Any good tips to stop vibrations in the living room space. I do get vibration from the sub on windows, pictures, furniture, etc?


----------



## JQueen

Auralex Gramma can help reduce from sub


----------



## Bluedoggy

JQueen said:


> Acoustic panels


As in the ones you get in the inside of car doors?


----------



## Bluedoggy

I'm also getting vibration from the actual theatre equipment? Any tips on how to stop vibration on these?


----------



## selden

some things to try:
1. isolate the subwoofer from the floor
2. isolate the shelving from the floor
3. isolate the components from the shelving

Dense rubber feet for all of them might help. 

Also, it could be that certain low frequencies are stimulating particularly strong resonances in the room's acoustics.

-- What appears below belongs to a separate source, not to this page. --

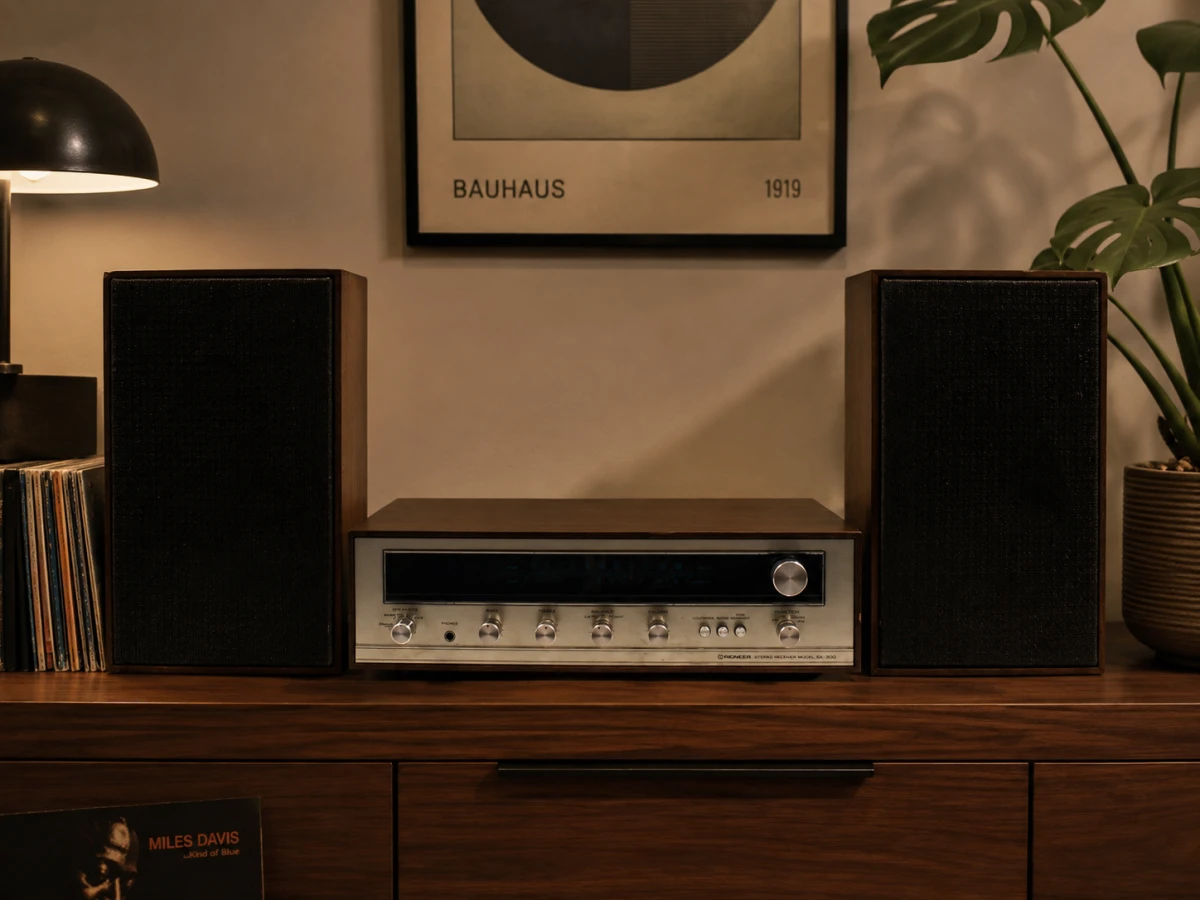 Pioneer SX-300 Receiver & Sony SS-5088 Luidsprekers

You should try moving the subwoofer away from a corner, if that's where it is. That position tends to stimulate resonances related to the lengths of both walls and the height of the ceiling. Placing the subwoofer 1/2 or 1/3 of the way along one of the walls often helps.


----------



## Tonto

Chasing rattles can consume you. I kinda enjoy them myself. It adds a sence of realism, haven't you noticed the rattles when it thunders. That's some serious LFE.


----------



## tesseract

Rattles are distortion and not part of the program material. It is worthwhile to chase them down, it cleans up the sound.


----------



## tesseract

selden said:


> some things to try:
> 1. isolate the subwoofer from the floor
> 2. isolate the shelving from the floor
> 3. isolate the components from the shelving
> 
> Dense rubber feet for all of them might help.
> 
> Also, it could be that certain low frequencies are stimulating particularly strong resonances in the room's acoustics. You should try moving the subwoofer away from a corner, if that's where it is. That position tends to stimulate resonances related to the lengths of both walls and the height of the ceiling. Placing the subwoofer 1/2 or 1/3 of the way along one of the walls often helps.

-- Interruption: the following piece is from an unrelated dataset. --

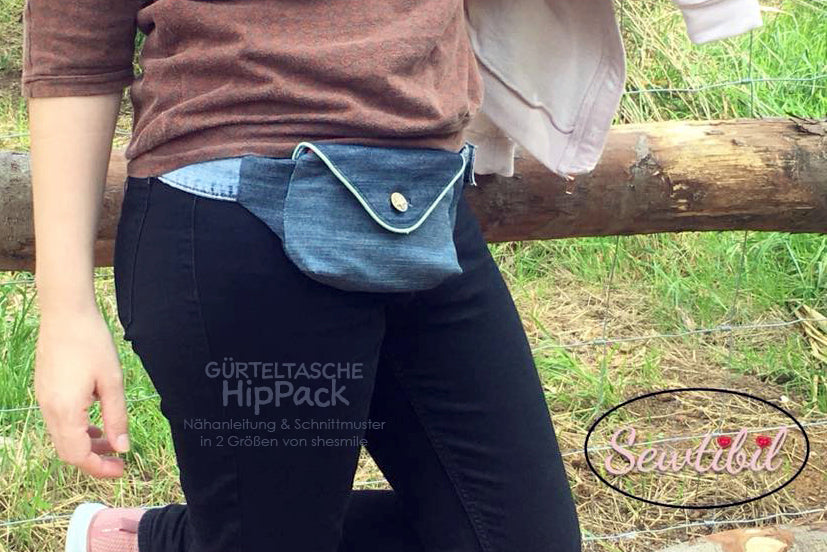 Gürteltasche HipPack (Schnittmuster und Nähanleitung)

Isolate the gear and experiment with sub placement. Good post, selden!


----------



## Bluedoggy

selden said:


> some things to try:
> 1. isolate the subwoofer from the floor
> 2. isolate the shelving from the floor
> 3. isolate the components from the shelving
> 
> Dense rubber feet for all of them might help.
> 
> Also, it could be that certain low frequencies are stimulating particularly strong resonances in the room's acoustics. You should try moving the subwoofer away from a corner, if that's where it is. That position tends to stimulate resonances related to the lengths of both walls and the height of the ceiling. Placing the subwoofer 1/2 or 1/3 of the way along one of the walls often helps.


What are the rubber feet called? Is there a special brand etc?
Would putting the sub on a granite plinth also help?
I have my woofer bang in the corner of my theatre - that is back's slightly into an alcove. Is this bad?
Also my woofer is on spiked feet.


----------



## admranger

Bluedoggy said:


> What are the rubber feet called? Is there a special brand etc?

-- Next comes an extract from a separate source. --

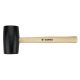 TOPEX Gumikalapács 58mm 450g, keményfa nyél 02A344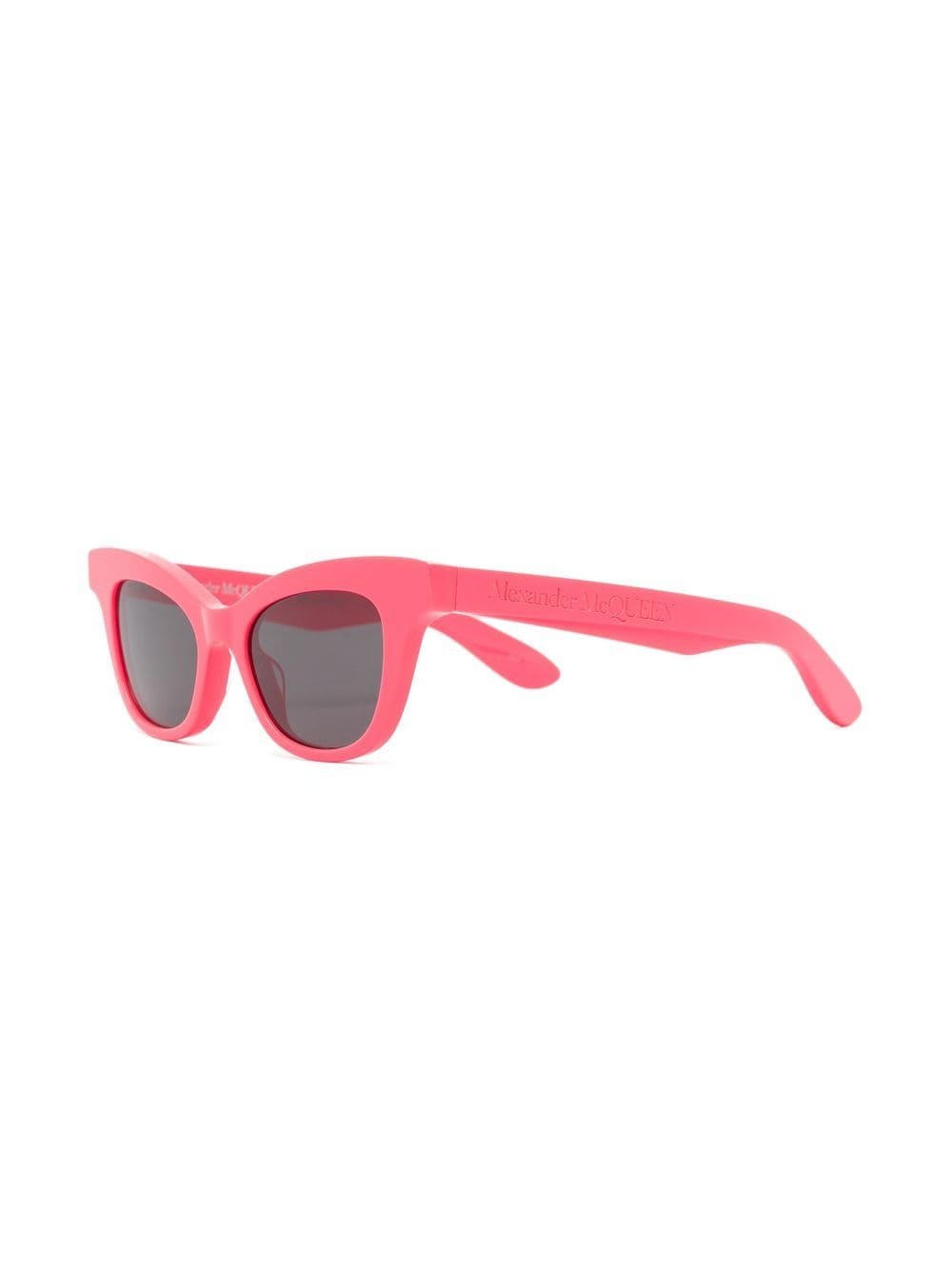 Tinted cat-eye sunglasses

I use Sorbothane from Sorbothane Isolators. You can get hemispheres to flat sheets. The key is to match the weight of the object to the weight rating of the isolators so you don't overload them. I have bought all mine off of Amazon with no problems.

This will help reduce vibration transmission to your components. I use them under my subs, my speakers, blu ray player, dvd, etc. All my components and speakers are in close proximity to each other, including having my center speaker on the same stand that all my other components are on. Dampening the vibrations coming off the speaker into the shelf (and then the stand) can't hurt. I did not make any objective measurements or A/B/X listening tests to verify. Intuitively it makes sense though.


----------